* BRIEF: Shown below are entries with pictures; the line with "After covering lists" through the line with "In this particular" is the span to retype exactly, and the pictures stay out.

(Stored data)
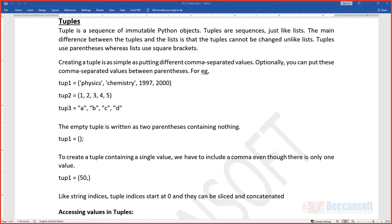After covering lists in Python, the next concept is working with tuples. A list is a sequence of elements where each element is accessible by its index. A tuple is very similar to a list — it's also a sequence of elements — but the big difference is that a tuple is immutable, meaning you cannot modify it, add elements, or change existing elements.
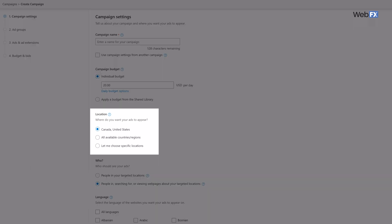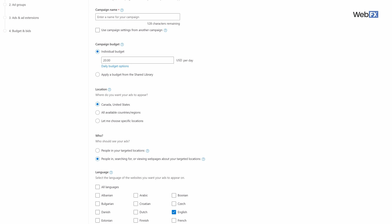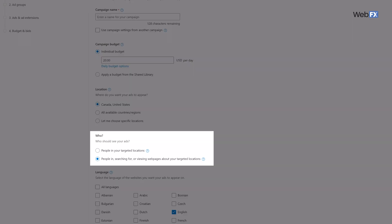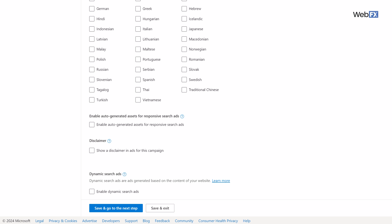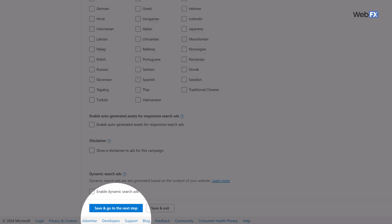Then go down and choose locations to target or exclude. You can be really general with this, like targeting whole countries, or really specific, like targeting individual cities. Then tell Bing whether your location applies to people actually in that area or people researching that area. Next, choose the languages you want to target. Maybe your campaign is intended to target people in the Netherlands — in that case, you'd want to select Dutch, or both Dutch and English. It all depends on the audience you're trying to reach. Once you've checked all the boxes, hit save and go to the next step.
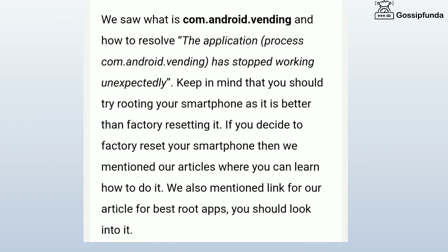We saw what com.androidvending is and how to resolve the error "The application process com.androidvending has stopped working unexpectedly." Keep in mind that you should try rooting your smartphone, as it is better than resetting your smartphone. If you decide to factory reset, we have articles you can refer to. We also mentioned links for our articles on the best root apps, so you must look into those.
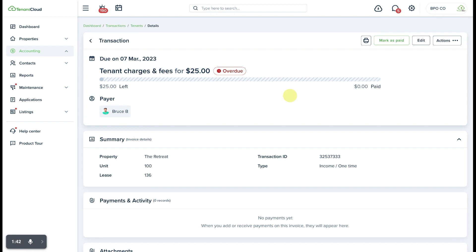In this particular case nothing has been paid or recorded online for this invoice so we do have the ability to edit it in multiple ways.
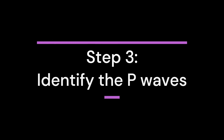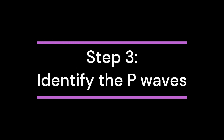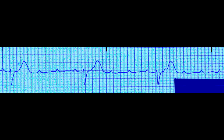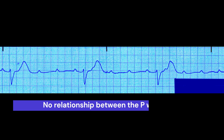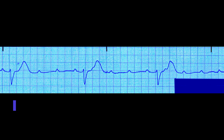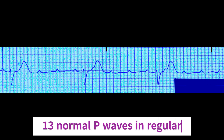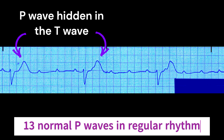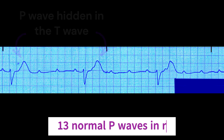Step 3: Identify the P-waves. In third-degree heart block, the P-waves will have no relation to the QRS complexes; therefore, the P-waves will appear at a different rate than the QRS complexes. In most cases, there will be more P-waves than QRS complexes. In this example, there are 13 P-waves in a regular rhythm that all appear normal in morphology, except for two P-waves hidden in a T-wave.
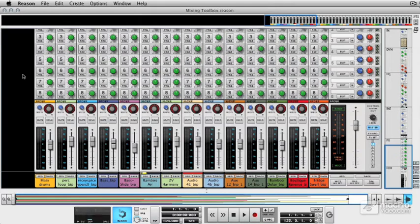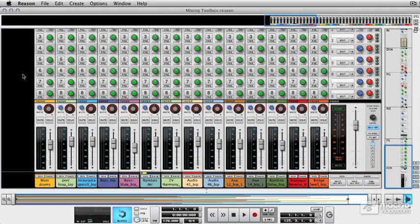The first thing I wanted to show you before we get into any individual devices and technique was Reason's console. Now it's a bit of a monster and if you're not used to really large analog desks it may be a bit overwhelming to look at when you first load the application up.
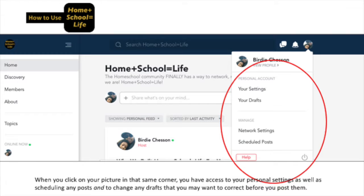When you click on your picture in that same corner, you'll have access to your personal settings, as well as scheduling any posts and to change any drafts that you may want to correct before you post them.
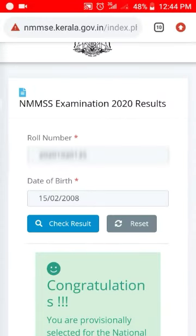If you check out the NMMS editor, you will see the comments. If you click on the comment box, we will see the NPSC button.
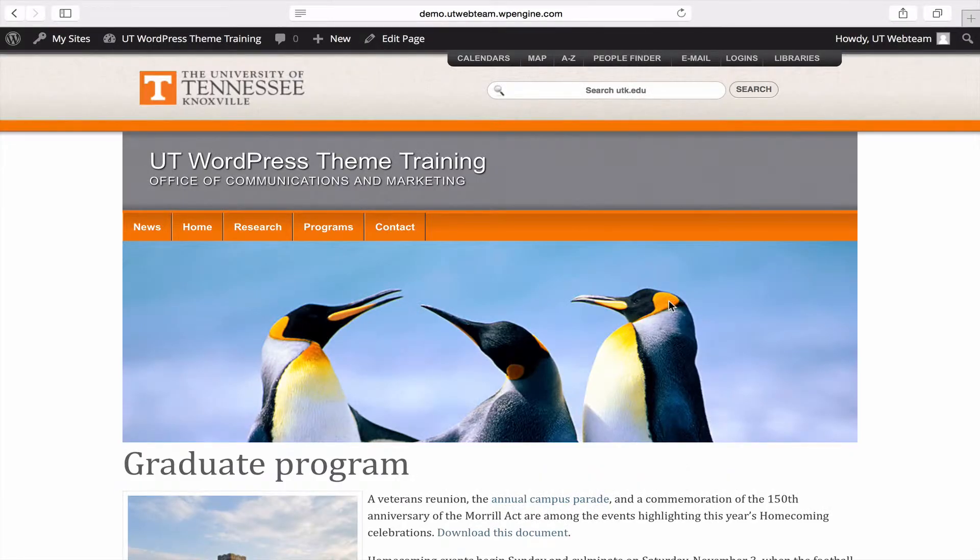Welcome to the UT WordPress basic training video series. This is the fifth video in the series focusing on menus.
--
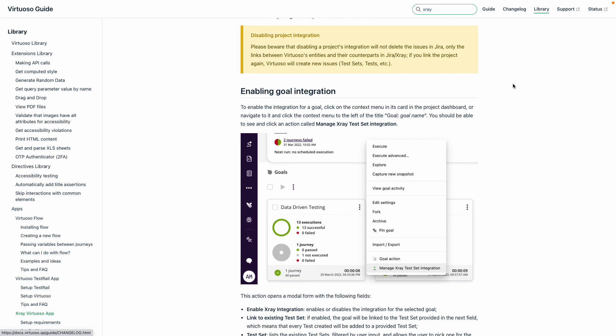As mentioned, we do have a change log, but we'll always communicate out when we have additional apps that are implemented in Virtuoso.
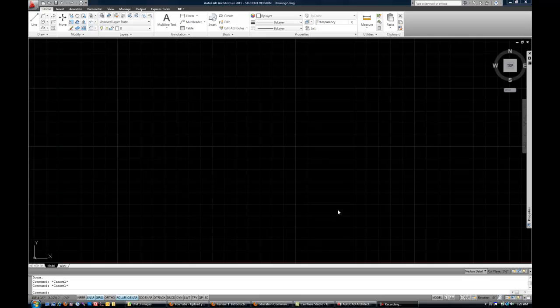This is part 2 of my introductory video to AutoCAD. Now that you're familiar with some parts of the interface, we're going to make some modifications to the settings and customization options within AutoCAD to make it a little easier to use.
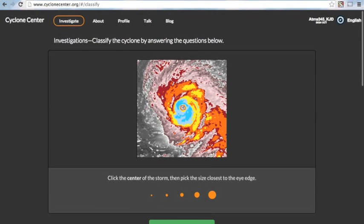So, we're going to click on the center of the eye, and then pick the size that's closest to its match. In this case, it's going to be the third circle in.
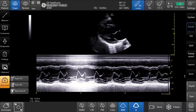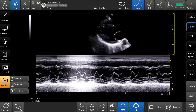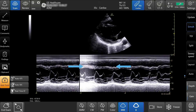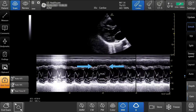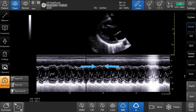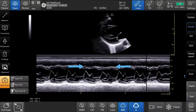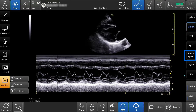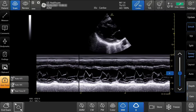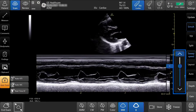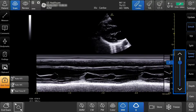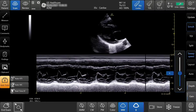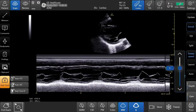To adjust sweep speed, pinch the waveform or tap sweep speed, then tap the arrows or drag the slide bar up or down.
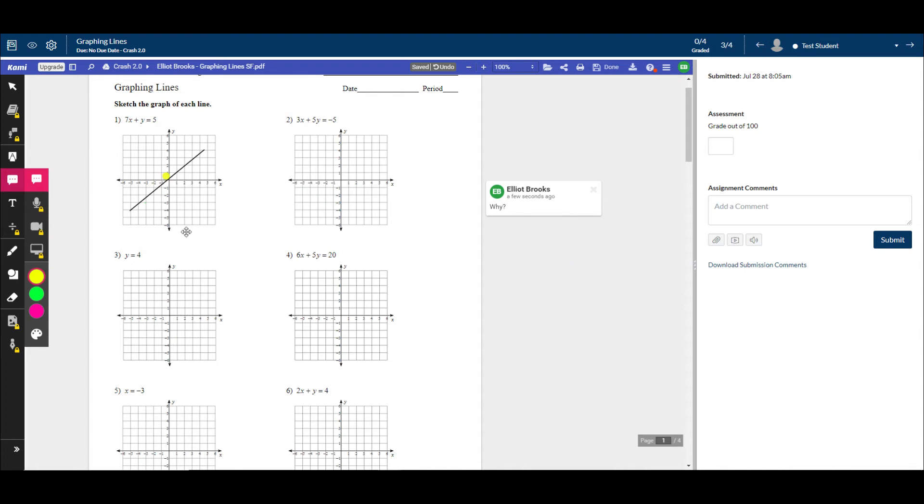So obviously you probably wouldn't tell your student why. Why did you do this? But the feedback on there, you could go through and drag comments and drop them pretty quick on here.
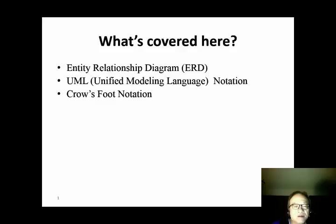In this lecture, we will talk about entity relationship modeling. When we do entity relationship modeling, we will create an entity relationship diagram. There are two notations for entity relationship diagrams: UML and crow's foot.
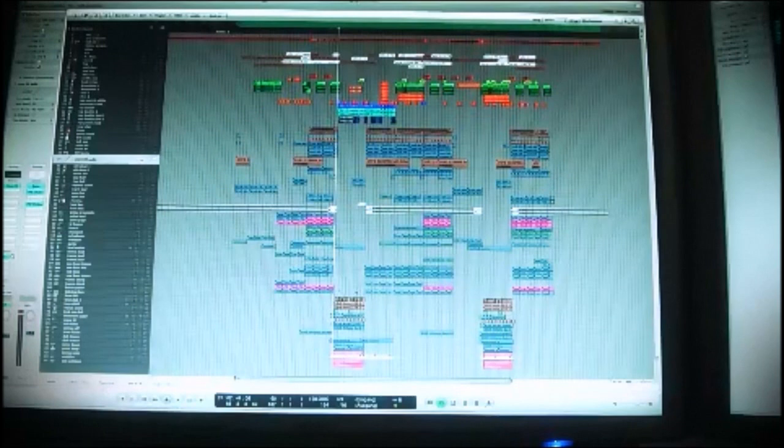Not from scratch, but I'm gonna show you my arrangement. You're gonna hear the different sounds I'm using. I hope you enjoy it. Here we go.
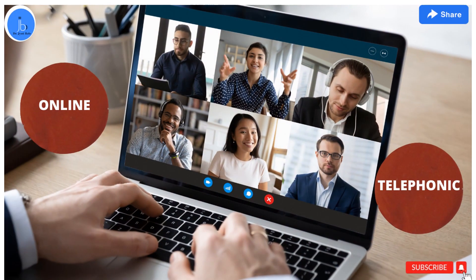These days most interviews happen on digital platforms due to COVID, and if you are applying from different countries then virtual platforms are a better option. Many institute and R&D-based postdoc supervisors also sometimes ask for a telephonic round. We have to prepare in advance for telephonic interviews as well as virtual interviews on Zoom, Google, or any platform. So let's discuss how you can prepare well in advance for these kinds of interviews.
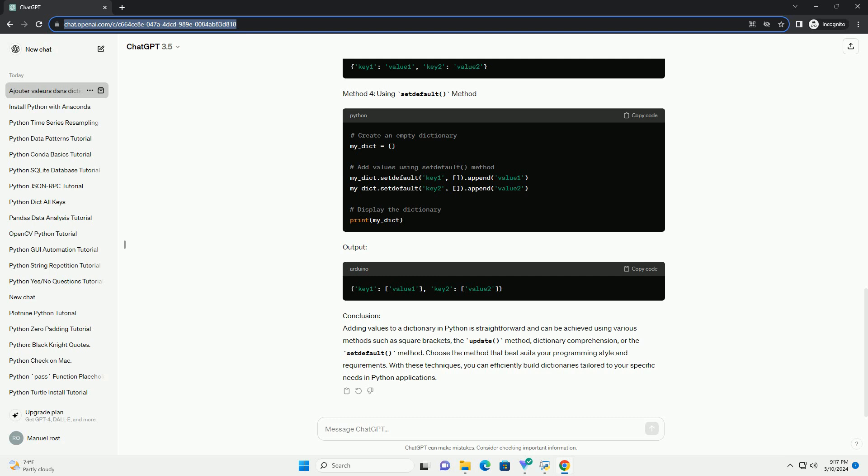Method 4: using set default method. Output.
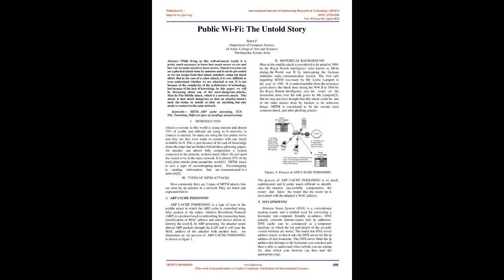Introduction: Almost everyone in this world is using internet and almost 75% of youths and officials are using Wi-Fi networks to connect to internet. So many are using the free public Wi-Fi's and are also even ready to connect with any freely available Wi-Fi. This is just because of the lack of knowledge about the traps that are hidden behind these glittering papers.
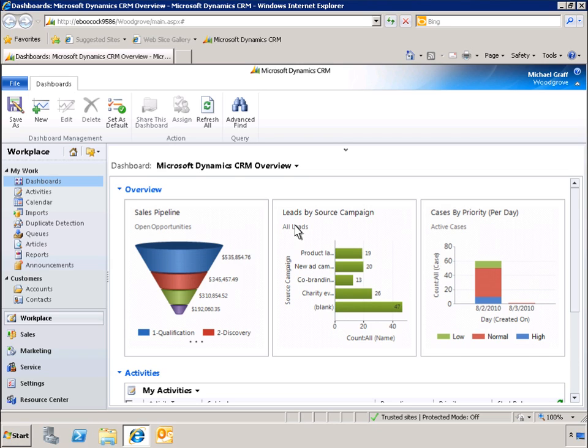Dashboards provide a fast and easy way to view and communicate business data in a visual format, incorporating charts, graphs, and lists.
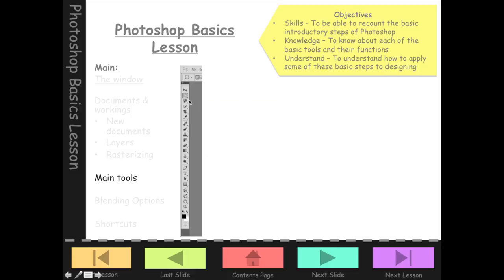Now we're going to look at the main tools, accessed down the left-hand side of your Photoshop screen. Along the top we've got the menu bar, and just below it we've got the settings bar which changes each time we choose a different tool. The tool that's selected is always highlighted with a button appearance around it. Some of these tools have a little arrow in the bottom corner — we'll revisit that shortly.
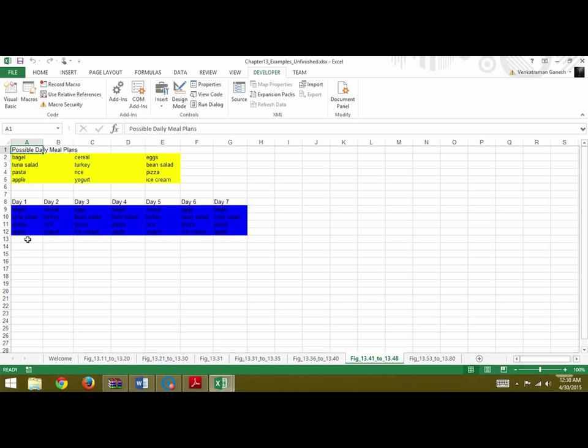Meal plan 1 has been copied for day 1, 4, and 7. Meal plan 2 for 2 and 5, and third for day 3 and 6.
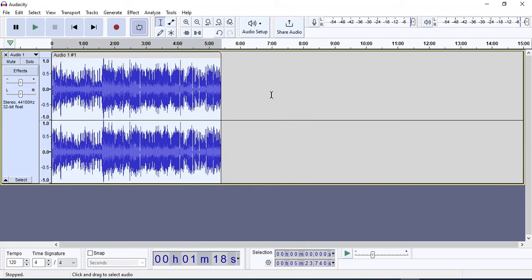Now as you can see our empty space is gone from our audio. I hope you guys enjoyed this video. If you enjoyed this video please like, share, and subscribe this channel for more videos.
* * *
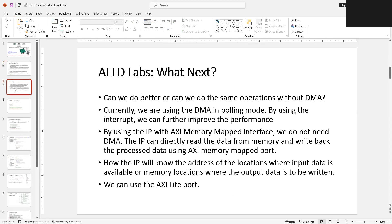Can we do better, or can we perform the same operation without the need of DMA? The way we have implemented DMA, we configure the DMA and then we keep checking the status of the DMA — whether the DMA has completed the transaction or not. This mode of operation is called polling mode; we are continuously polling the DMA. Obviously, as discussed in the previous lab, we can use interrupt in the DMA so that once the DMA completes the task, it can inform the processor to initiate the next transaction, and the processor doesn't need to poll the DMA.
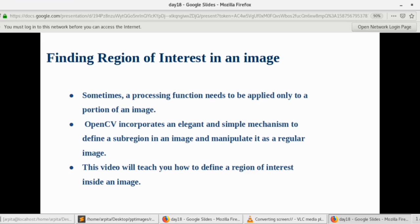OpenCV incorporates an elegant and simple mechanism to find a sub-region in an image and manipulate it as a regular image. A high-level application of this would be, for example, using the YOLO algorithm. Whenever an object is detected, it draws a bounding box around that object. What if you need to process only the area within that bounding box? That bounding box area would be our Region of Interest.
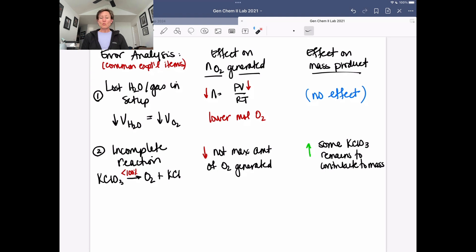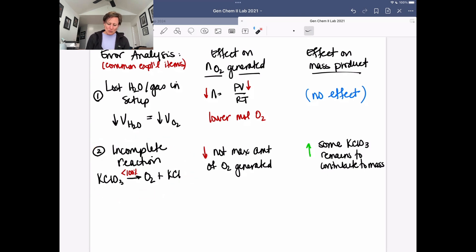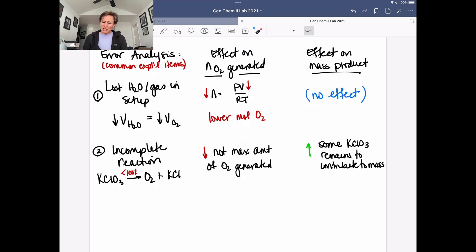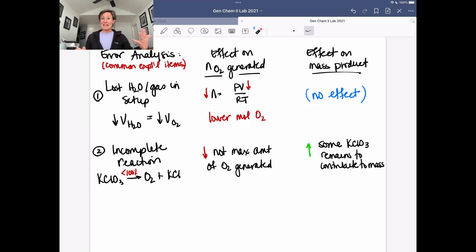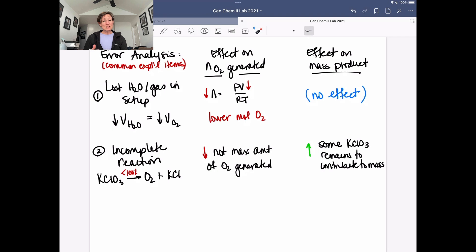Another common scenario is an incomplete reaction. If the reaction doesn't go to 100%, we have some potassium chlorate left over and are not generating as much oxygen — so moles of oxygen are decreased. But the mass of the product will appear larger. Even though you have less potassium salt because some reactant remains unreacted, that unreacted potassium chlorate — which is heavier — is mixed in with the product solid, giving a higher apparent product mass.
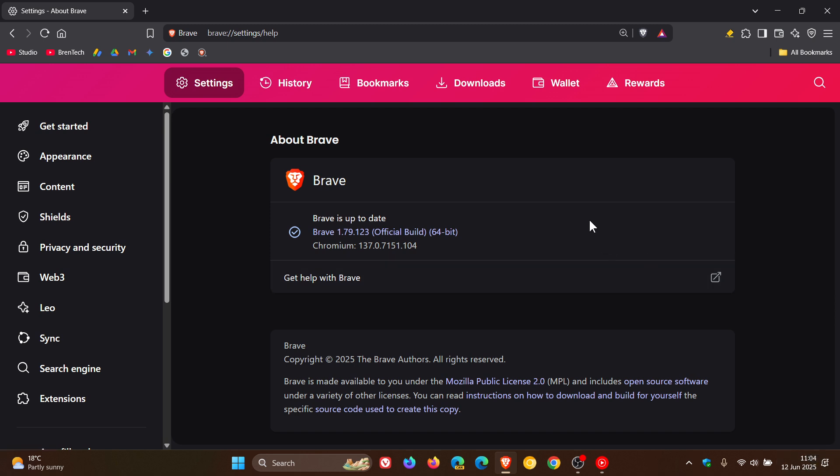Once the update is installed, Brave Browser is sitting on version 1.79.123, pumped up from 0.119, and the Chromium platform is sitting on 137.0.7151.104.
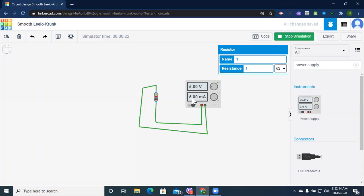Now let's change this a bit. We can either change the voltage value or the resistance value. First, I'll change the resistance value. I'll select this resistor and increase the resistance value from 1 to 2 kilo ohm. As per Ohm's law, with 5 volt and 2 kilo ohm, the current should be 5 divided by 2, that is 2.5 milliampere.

* ANSWER AREA:
After covering lists in Python, the next concept is working with tuples. A list is a sequence of elements where each element is accessible by its index. A tuple is very similar to a list — it's also a sequence of elements — but the big difference is that a tuple is immutable, meaning you cannot modify it, add elements, or change existing elements.
Then go down and choose locations to target or exclude. You can be really general with this, like targeting whole countries, or really specific, like targeting individual cities. Then tell Bing whether your location applies to people actually in that area or people researching that area. Next, choose the languages you want to target. Maybe your campaign is intended to target people in the Netherlands — in that case, you'd want to select Dutch, or both Dutch and English. It all depends on the audience you're trying to reach. Once you've checked all the boxes, hit save and go to the next step.
We saw what com.androidvending is and how to resolve the error "The application process com.androidvending has stopped working unexpectedly." Keep in mind that you should try rooting your smartphone, as it is better than resetting your smartphone. If you decide to factory reset, we have articles you can refer to. We also mentioned links for our articles on the best root apps, so you must look into those.
In this particular case nothing has been paid or recorded online for this invoice so we do have the ability to edit it in multiple ways.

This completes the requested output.